Code of practice | Acceptable use policy |
Activities & benefits | Case studies | Donors | FAQ | Products | Refurbishers | Trustees | Home


COMPUTER ACCESS NZ TRUST
Refurbishing office computers for schools and the community

Hawera High boosts bottom end with recycled computers   (February 2003)

 
Year 12 physics class using CANZ workstation with Science Workshop 750 interface and motion sensor attached.

Taranaki’s Hawera High School, with a student roll of 800, has 180 computers and expects to replace about 30 of them every year.

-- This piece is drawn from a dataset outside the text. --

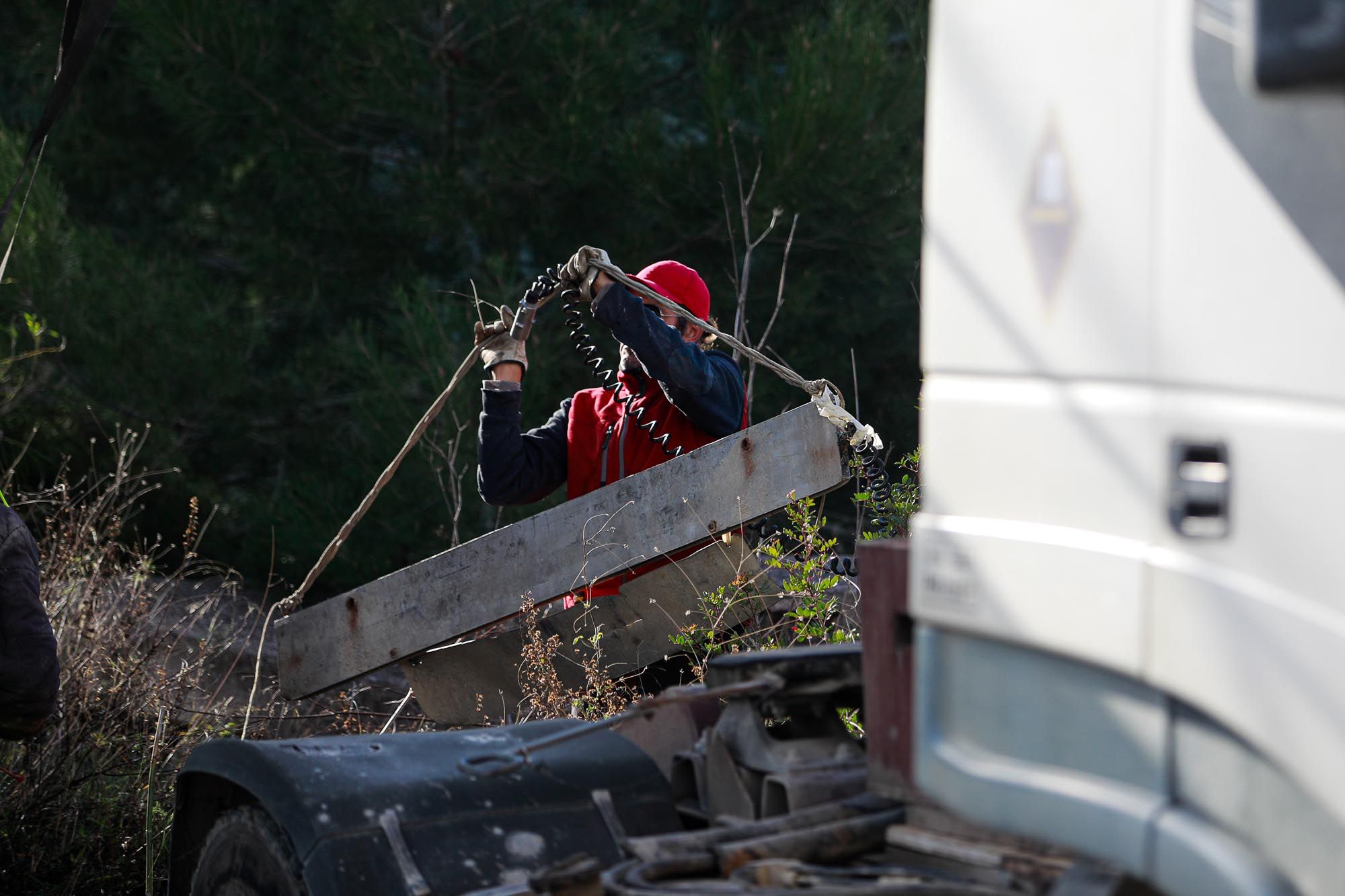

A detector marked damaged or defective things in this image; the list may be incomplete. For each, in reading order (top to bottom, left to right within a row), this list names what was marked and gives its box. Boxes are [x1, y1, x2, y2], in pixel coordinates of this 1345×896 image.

rusty metal panel [276, 403, 839, 699]
rusty metal panel [398, 538, 764, 721]
rusty metal panel [855, 532, 920, 796]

For the past two years, and for the forseeable future, the replacement stock has included recycled computers.

Hawera High’s ICT technician, Alastair Williams, says it’s essential that the school keeps up the momentum of PC replacement: "If you don’t keep new machines coming in, in a few years you’ll end up with a number of machines that just won’t do the job for you."

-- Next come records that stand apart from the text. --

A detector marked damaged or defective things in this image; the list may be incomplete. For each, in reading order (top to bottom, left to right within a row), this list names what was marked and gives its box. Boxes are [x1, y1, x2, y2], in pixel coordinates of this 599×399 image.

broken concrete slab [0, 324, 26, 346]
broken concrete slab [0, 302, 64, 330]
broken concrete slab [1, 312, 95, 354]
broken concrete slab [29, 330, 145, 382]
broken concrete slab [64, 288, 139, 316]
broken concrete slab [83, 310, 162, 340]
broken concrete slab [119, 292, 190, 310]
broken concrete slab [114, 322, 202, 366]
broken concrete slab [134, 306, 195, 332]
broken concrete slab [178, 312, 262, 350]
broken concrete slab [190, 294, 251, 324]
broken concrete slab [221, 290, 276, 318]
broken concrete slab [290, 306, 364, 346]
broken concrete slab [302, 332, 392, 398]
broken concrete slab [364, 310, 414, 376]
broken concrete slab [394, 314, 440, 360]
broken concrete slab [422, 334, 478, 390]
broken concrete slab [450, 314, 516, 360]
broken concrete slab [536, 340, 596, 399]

Buying only new machines for replacements is very expensive, so two years ago the school decided to include recycled machines in the mix. Ten CANZ IBM Pentium 266 desktops were bought from Wellington’s PC Recycling Channel.

"We decided the replacement policy should tackle both ends of the power spectrum," says Williams.

"The recycled machines were able to replace our oldest computers – older 386s and 486s that were running Windows 3.1.

"Then we needed new machines for the other end – so we could keep up to date with new software and teaching programs such as computing graphics and multimedia."

Williams says there was some initial opposition to the idea of buying recycled machines, but "…most people very quickly saw the benefits of updating the lower end as well as the higher end." Another ten recycled machines were bought at the end of 2002, and more are likely to be ordered this year.

The recycled machines are spread across a variety of school applications. Some have joined the school’s three specialist computer suites, while others are being used by staff, or by English students in individual classrooms. Generally the CANZ machines are being used in applications such as word processing and spreadsheeting where raw processing speed is less important.

For these purposes, the recycled computers have been quite speedy enough, Williams says. They have also been very reliable.

All the school’s computers are linked together in a Novell network which includes two Novell servers, one mail server, one CD-ROM server and a Wingate proxy server for Internet access. The setup cost was relatively high, but Williams says its reliability is "second to none." He has worked on other network systems but favours Novell because there are less hassles with it: "...the ongoing development and maintenance costs can’t be beaten."

The major application software being used at Hawera High School includes MS Office, Photoshop, PageMaker, Sibelius, Internet Explorer, Pegasus Mail, multimedia CDs such as Encarta and Worldbook Brittanica and the MUSAC administration suite.

Internet access
Access to the Internet via both IHUG’s Ultra satellite service and the Xtra’s Jetstream 600 ADSL service. Jetstream was added because the Ultra connection was too slow on the outward leg, which goes via dial-up modem. If too much data was being sent outward, the whole system tended to choke and die. Jetstream is now used for all email. The aim is eventually to send data out of the school via Jetstream and bring it in via Ultra. The school is wary of receiving data via Jetstream, after a 9Mb file from a business was accidentally re-sent all night long. The school used up its 600Mb allowance in one fell swoop and was hit with a hefty extra traffic bill. By contrast, Ultra’s monthly charge is for ‘all they can eat’.